[Crawled caption data]

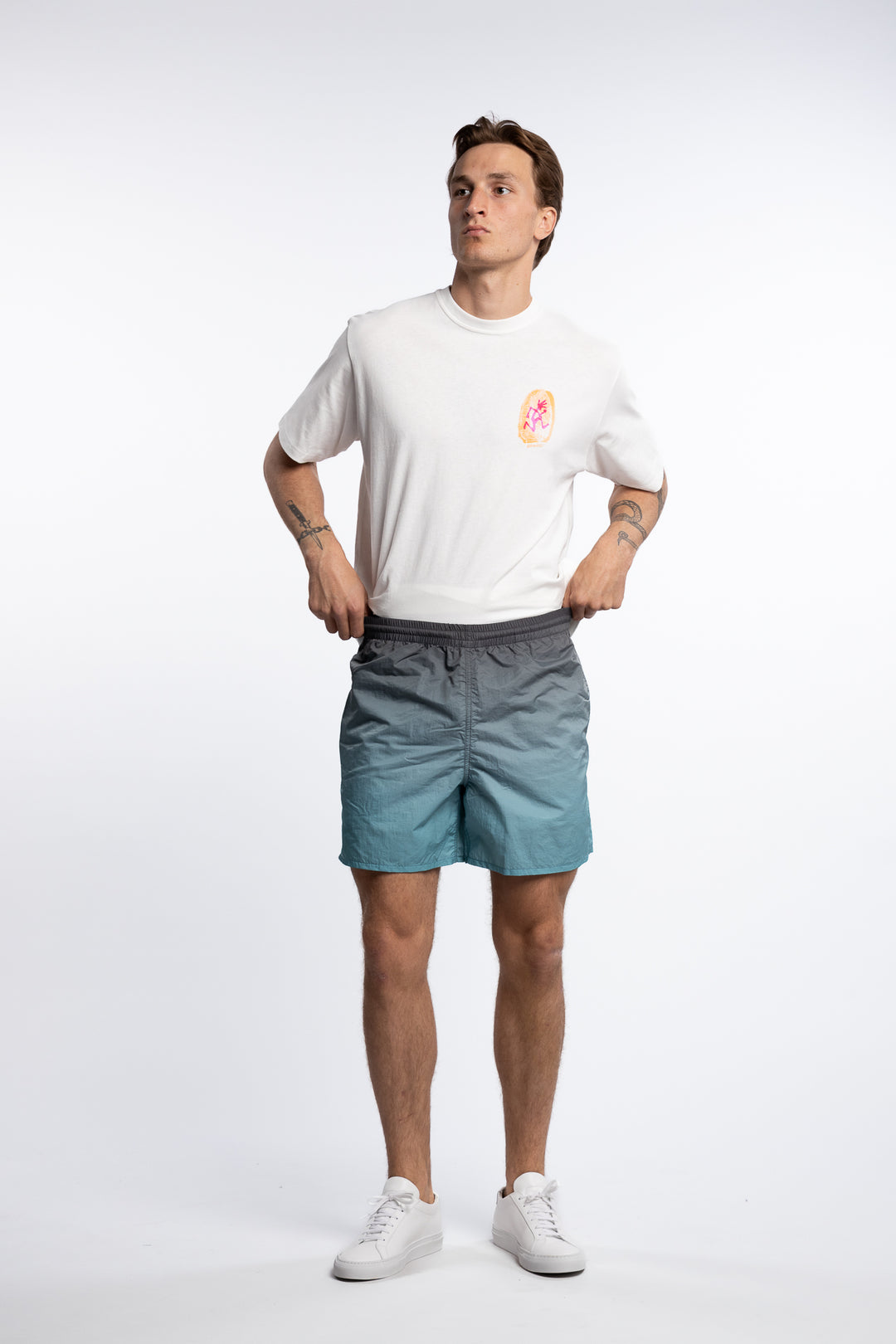 Tide Swim Short Blue Gradient
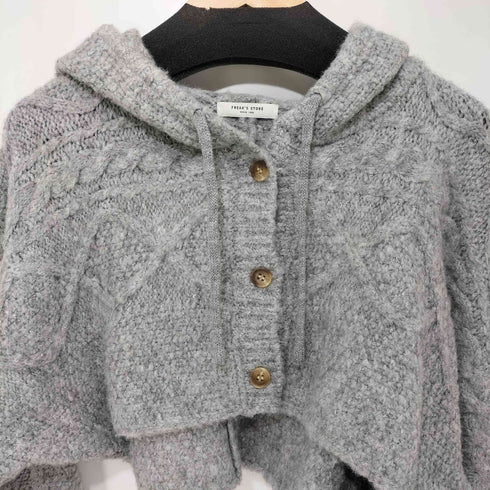 フリークスストア FREAKS STORE 24AW ニットパーカー ボレロ レディース FREE
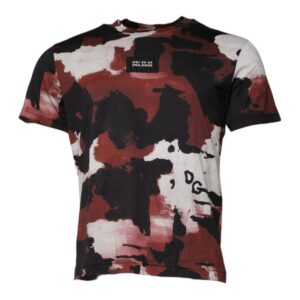 Multicolor Camouflage Crew Neck T-shirt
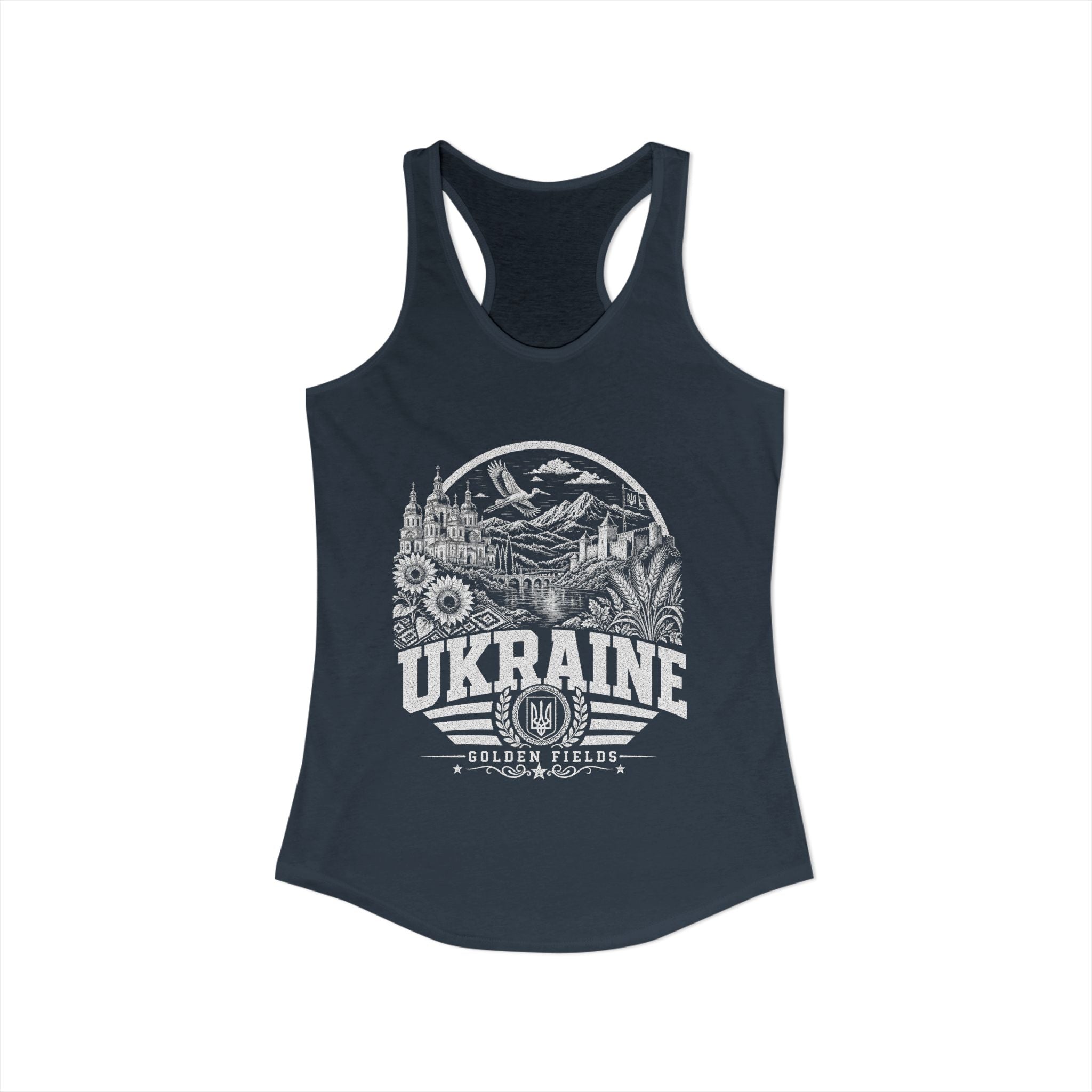 Ukraine Golden Fields Women's Tank Top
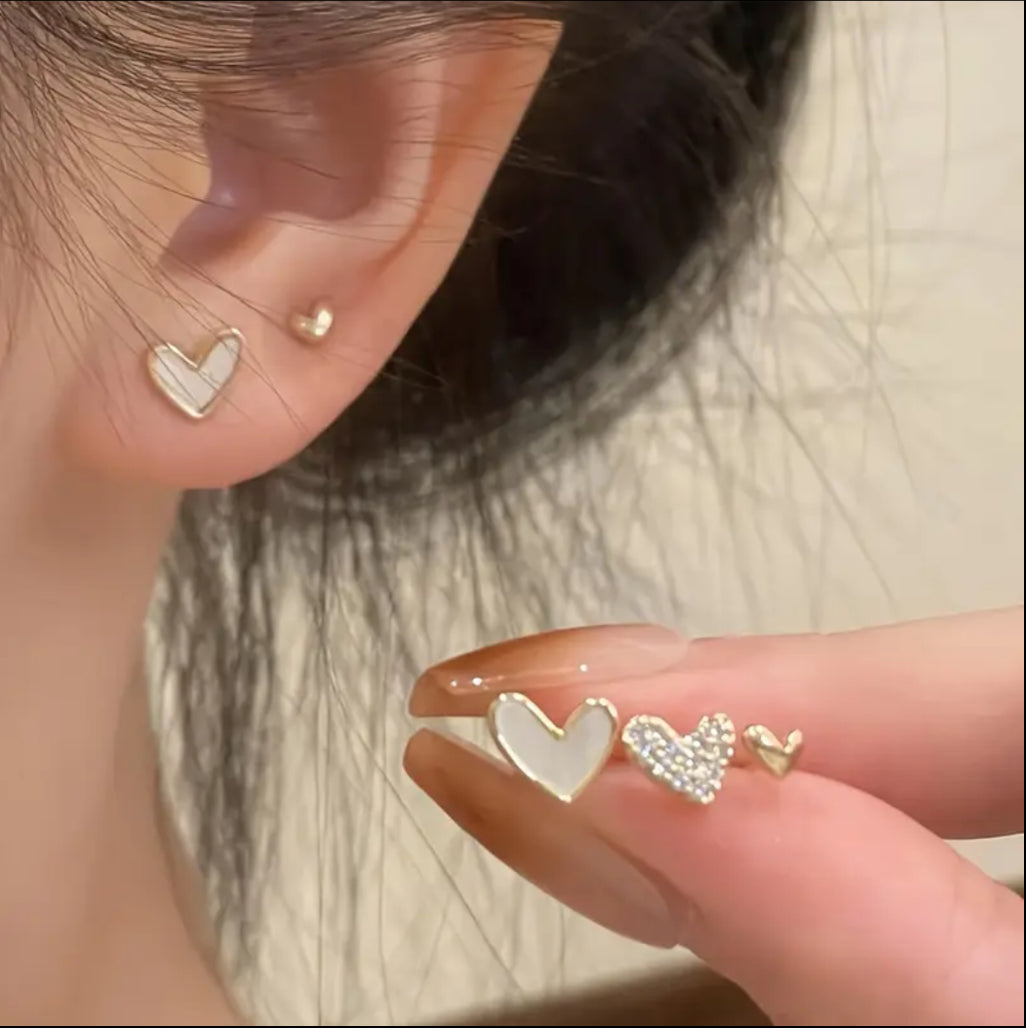 Heart-Shaped Earrings – Elegant Everyday Accessory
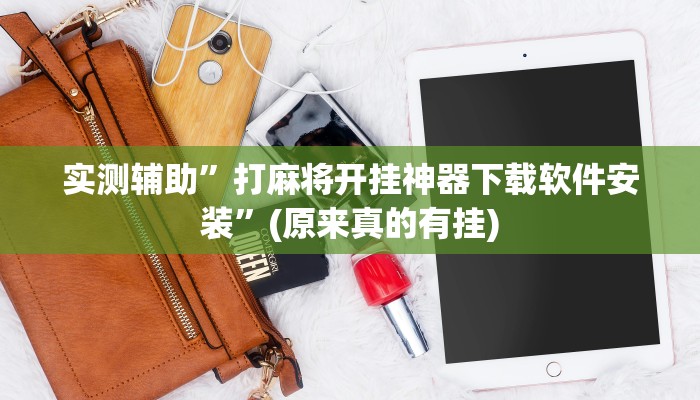实测辅助”打麻将开挂神器下载软件安装”(原来真的有挂)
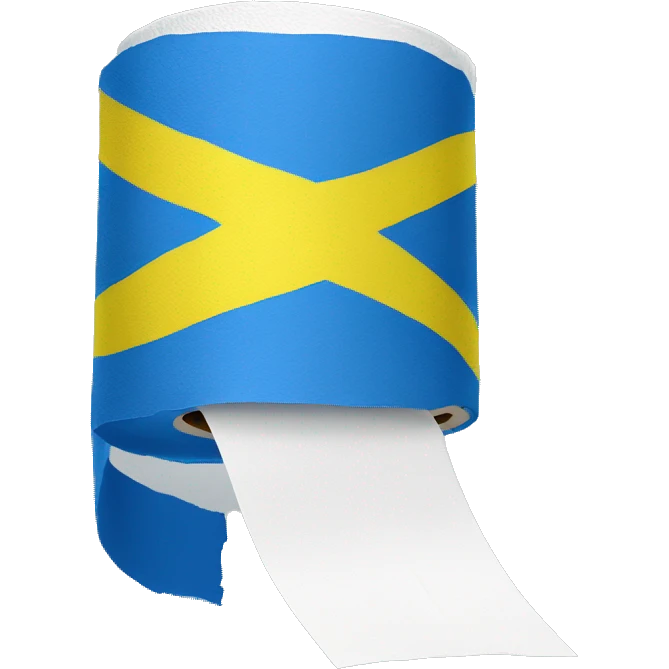 toilet paper with ukraine flag emoji
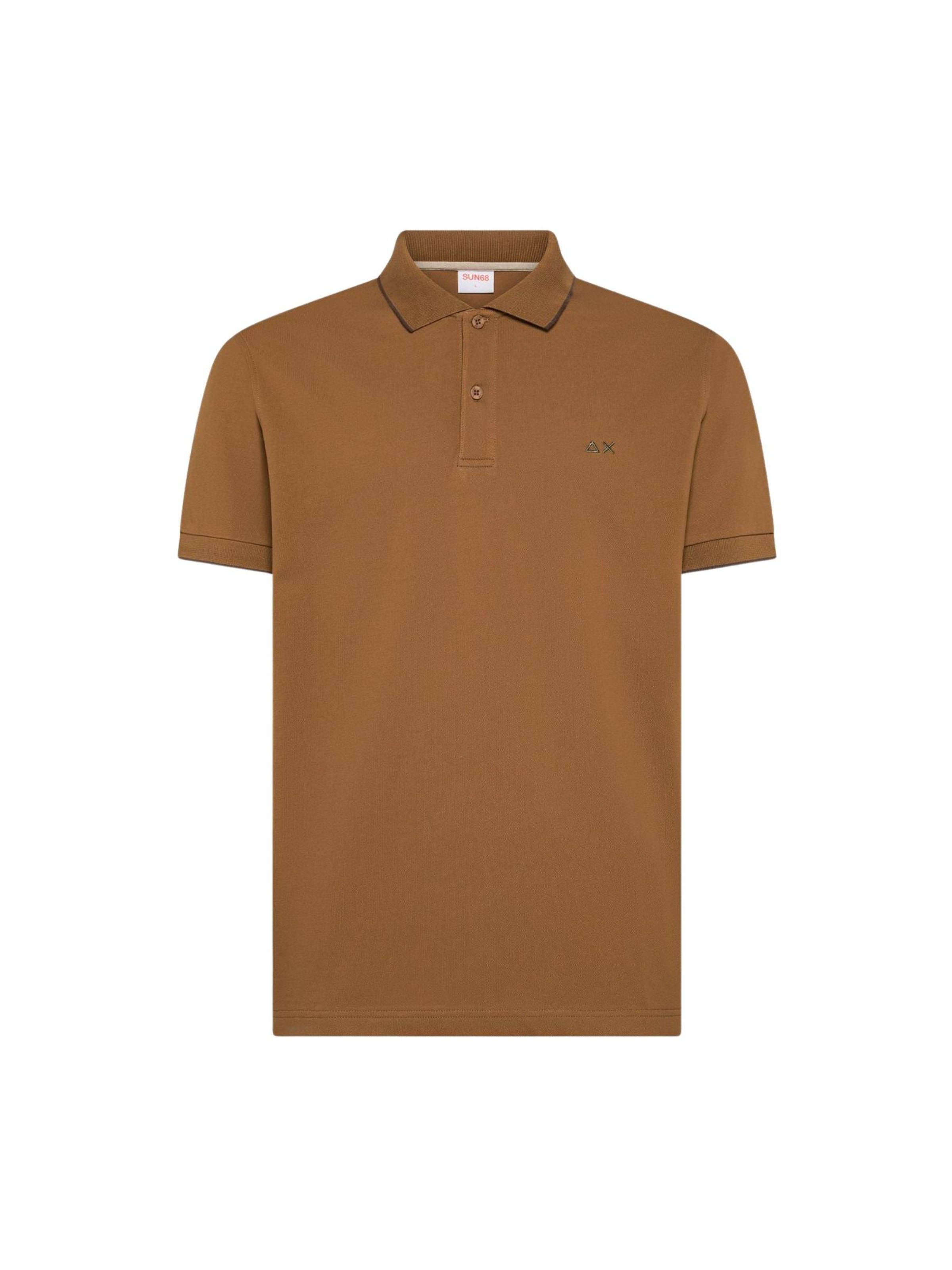 T-Shirt SUN68 en marron : devant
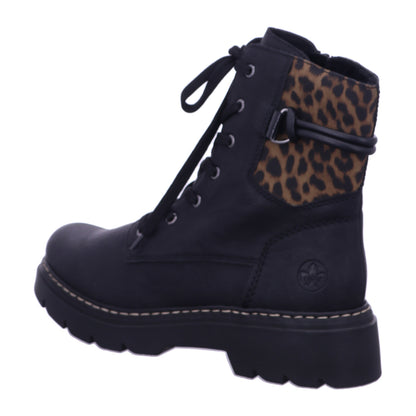 Rieker Winterschuh 76724 HWK Damen Stiefel in Schwarz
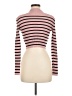 Shein 100% Polyester Stripes Pink Turtleneck Sweater Size M - photo 2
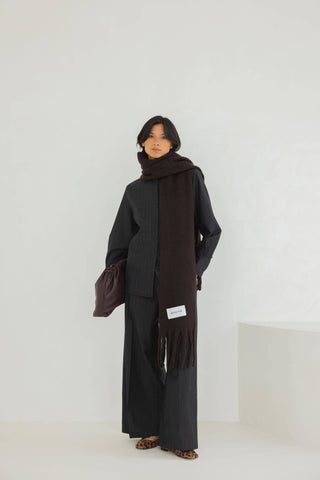 The Reykjavik Scarf - 100% Recycled in Ground Coffee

Requirement ::
Each record above should be repeated exactly, please, without pictures.

Exercise solution ::
 Tide Swim Short Blue Gradient
 フリークスストア FREAKS STORE 24AW ニットパーカー ボレロ レディース FREE
 Multicolor Camouflage Crew Neck T-shirt
 Ukraine Golden Fields Women's Tank Top
 Heart-Shaped Earrings – Elegant Everyday Accessory
实测辅助”打麻将开挂神器下载软件安装”(原来真的有挂)
 toilet paper with ukraine flag emoji
 T-Shirt SUN68 en marron : devant
 Rieker Winterschuh 76724 HWK Damen Stiefel in Schwarz
 Shein 100% Polyester Stripes Pink Turtleneck Sweater Size M - photo 2
 The Reykjavik Scarf - 100% Recycled in Ground Coffee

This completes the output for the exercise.